W.O.: Lo enfocaría en dos partes. Una, valorar y agradecer las cosas que se conquistaron y, otra, reflexionar sobre lo que quedó pendiente. Yo me siento orgulloso de ser colombiano, de no ser súbdito de ningún rey. Con Bolívar y toda su gente guardo gratitud infinita, pero siento que un montón de cosas se hicieron a medias. Nos prometieron libertad, igualdad y fraternidad, y aquí la fraternidad poco, los políticos se dedican a enseñarnos a odiarnos los unos a los otros. Y sobre igualdad, después de la independencia hubo esclavos, exclusión de los indígenas y más que nadie se discriminó a los pobres. Es una lástima que los gobiernos no contagien entusiasmo, que no convoquen a diseñar el país con vías de comunicación, trenes de alta velocidad, integración del territorio, hechos que le hagan sentir lo grande que podría llegar a ser. Entonces, bien vale destacar el ‘bi’ en bicentenario, para recordar historias maravillosas como la Expedición Botánica y el impacto de La Ilustración, el beber de otras fuentes fuera de la tradición clerical española. Y reconocer que estamos en deuda con construir un país de grandes proyectos.

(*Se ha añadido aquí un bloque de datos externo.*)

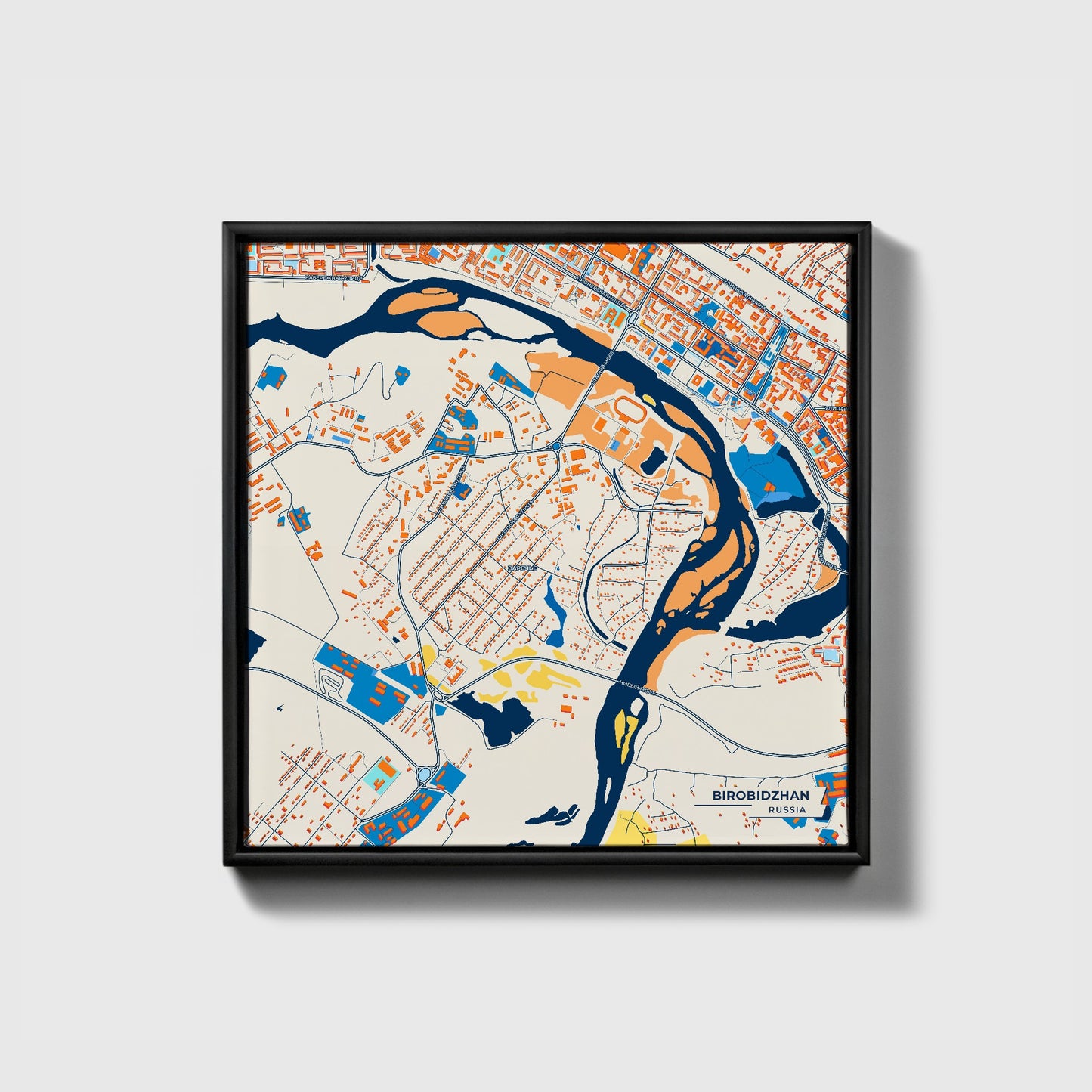 Биробиджан Russia Colorful City Map Canvas Print • Black Framed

SEMANA: Háblenos de la figura de Rafaela en Guayacanal, que muchos colombianos identificarán en sus ancestros.

W.O.: Rafaela es un ser entrañable presente a lo largo de toda mi vida. Murió un año antes de que yo naciera, pero fui testigo de la huella que dejó. Estoy seguro de que Colombia estuvo llena de mujeres extraordinarias como ella, que le dieron fundamento a esta cultura y la capacidad de sobreponerse a dificultades, al clima, a la vegetación y topografía, y vivir con alegría. Es muy interesante que a pesar de las muchas tragedias que la historia nos ha hecho vivir y violencias cíclicas que la política favorece, en el alma de la gente hay una vocación de fiesta, de celebración, que ellos y ellas sembraron y que sigue allí.